Типичным является многоэтапность повествования во времени. Герои на протяжении рассказа или очерка показываются в довоенное, в дореволюционное время, в революцию
и вскоре после нее. Одни из них выдерживают испытание, сохраняют цельность,
а другие, подобно хамелеонам, подстраиваются под обстоятельства, забывают прежние свои убеждения. При этом переход от одного этапа к другому в избранной Ивановым манере рассказа происходит с естественностью, характерной именно для устной речи. "Для устного рассказчика вполне естественное дело перевести дыхание и начать следующий эпизод словами: "Прошел год-полтора". Точно так же переходит от одной сцены к другой и Г.Иванов. В силу этой естественности и остроты зрения, о чем бы ни повествовал рассказчик, воспринимаемый читателем как интереснейший собеседник, видны страна, эпоха, нравы, слышен пульс истории", - пишет В.Крейд.

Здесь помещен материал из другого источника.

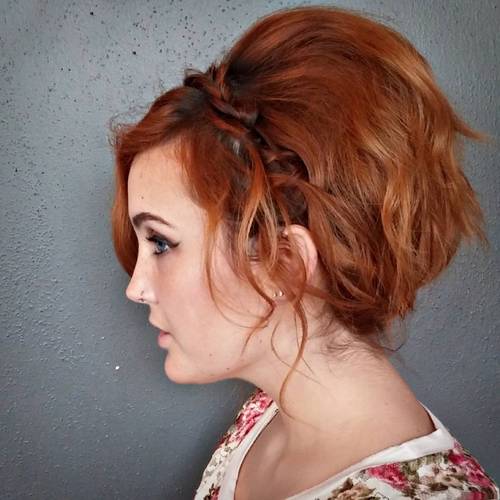 red tousled hairstyle with a headband braid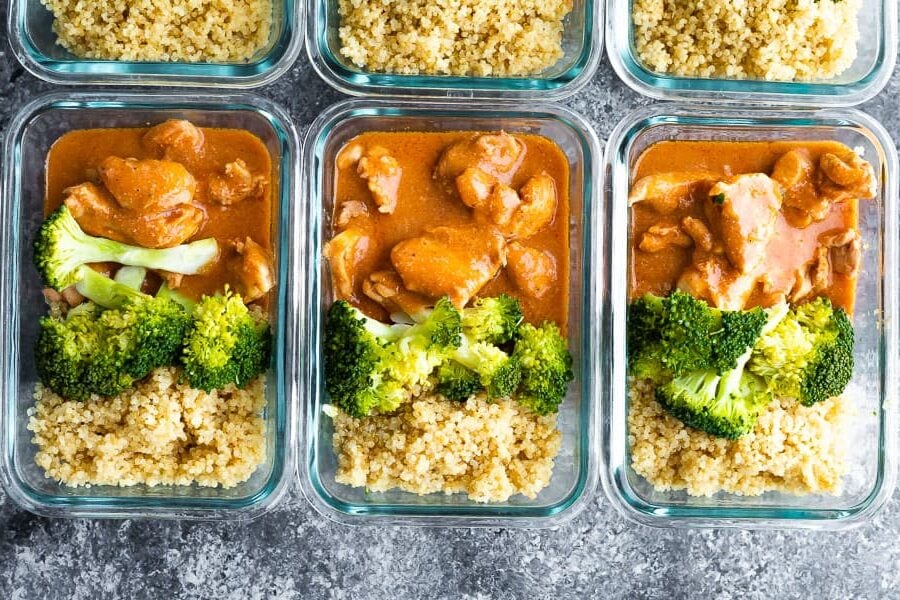overhead view of healthy butter chicken in meal prep containers
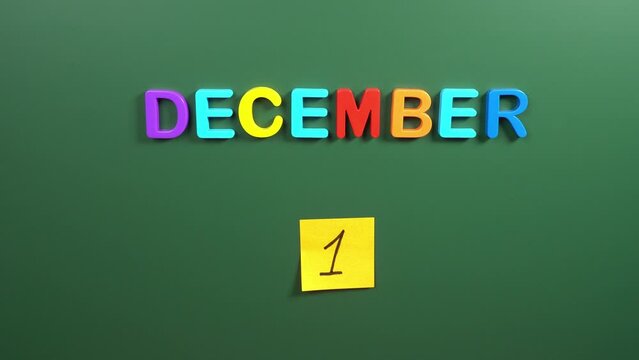Hand sticking a sticker 1 December calendar day on school board. 1 date of December. First day of December. 1st date number. 1 day calendar. One date. Romania great union, World AIDS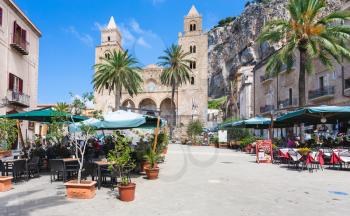 CEFALU, ITALY - JUNE 25, 2011: people in outdoor cafe near Duomo di Cefalu in Sicily. Cathedral - Basilica of Cefalu was erected in 1131 in the Norman architectural style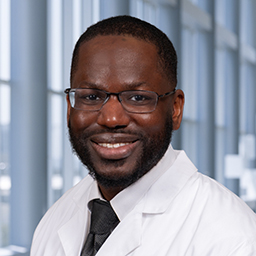 Dr Addison wearing glasses and a white lab coat with a black necktie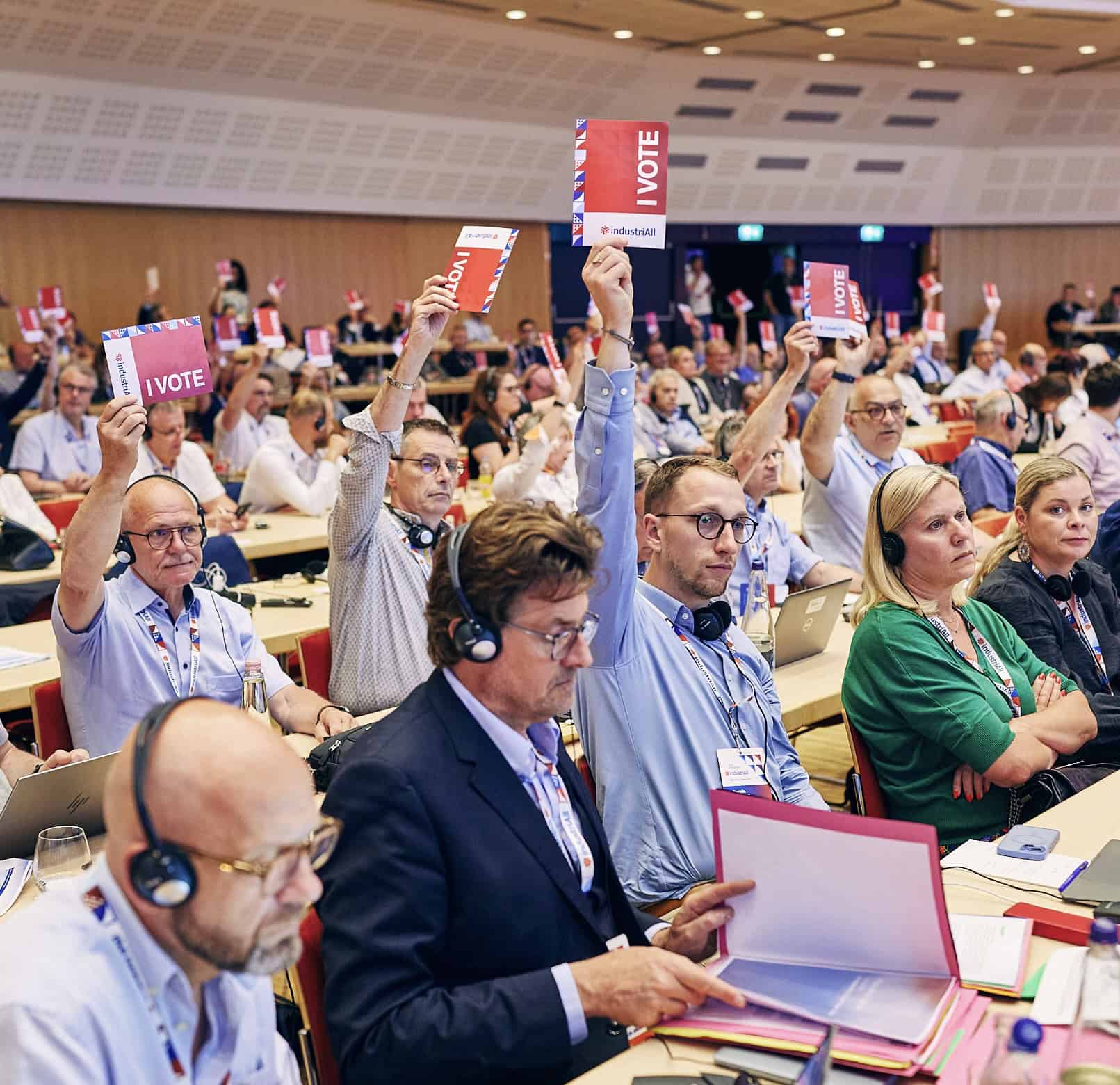 Dans une salle de congrès, des personnes levent les bras pour voter avec un carton de couleur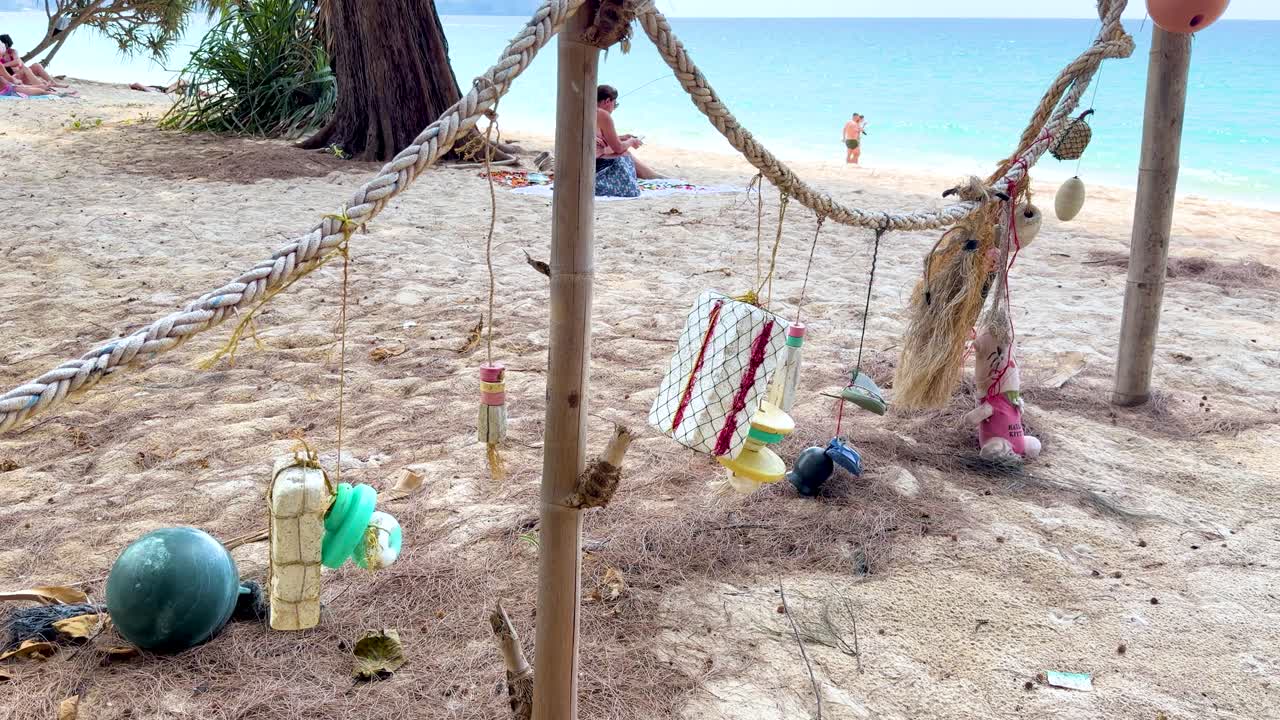 Ampia inquadratura statica di plastica oceanica raccolta e detriti da pesca appesi su una spiaggia tropicale.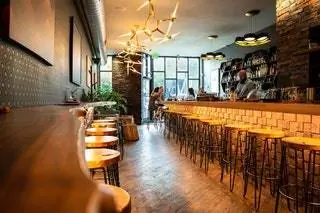 На изображении может находиться человек паб барная стойка кафе ресторан и мебель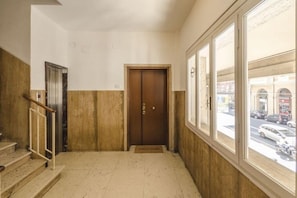 Un pasillo con una puerta de madera, un ascensor metálico y una ventana con vista a la calle.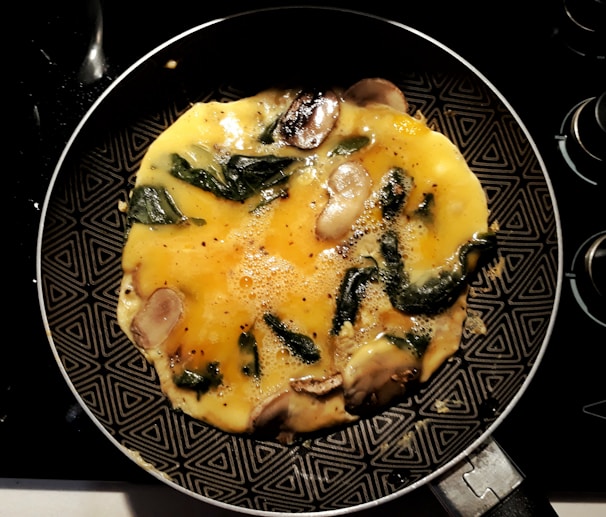 A happy cook flipping an omelette effortlessly using a stick & fin pan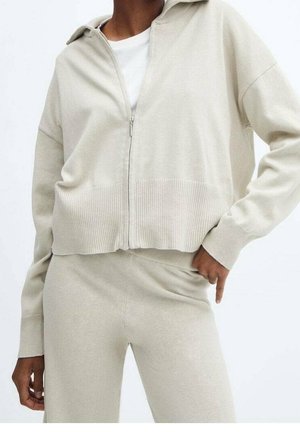 Žena v béžovém svetru na zip a odpovídajících vysokým kalhotám, s jednou rukou opřenou o bok na jednobarevném pozadí.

Исследователи говорят о чудесной метаморфозе творчества Г.Иванова в эмиграции. Так, Вл.Смирнов, впервые в нашей стране (в журнале "Знамя" N3, 1987) опубликовавший подборку стихотворений поэта, отмечает, что стихи Иванова обретают "обаяние пережитости". Вчерашний позер-нигилист и насмешливый циник, Г.Иванов уже на краю могилы благословляет "всех живущих и все живое". Надежда одна: "Воскреснуть. Вернуться в Россию стихами."

Г.Иванов пытался создать новую простоту и новое целомудрие в русской поэтической речи.
Кажется, и в прозе он тоже приблизился к этому идеалу.





Использованная литература

А.Белый. Начало века. М.: Художественная литература, 1990.

Н.Гумилев. Стихи. Проза. М.: Вост.-Сиб. кн. изд. 1992.

Г.Иванов. Мемуары и рассказы. // Вступительная статья В.Крейда. М.: Прогресс, 1992.

Г.Иванов. Стихотворения. Вступительная статья Вл.Смирнова.// "Знамя" N3, 1987.

С.Джимбинов. Коэффициент искажения. //"Октябрь" N9, 1992.

В.Меньшиков. Поэт и офицер Гумилев.// "Армия" N18, 1991.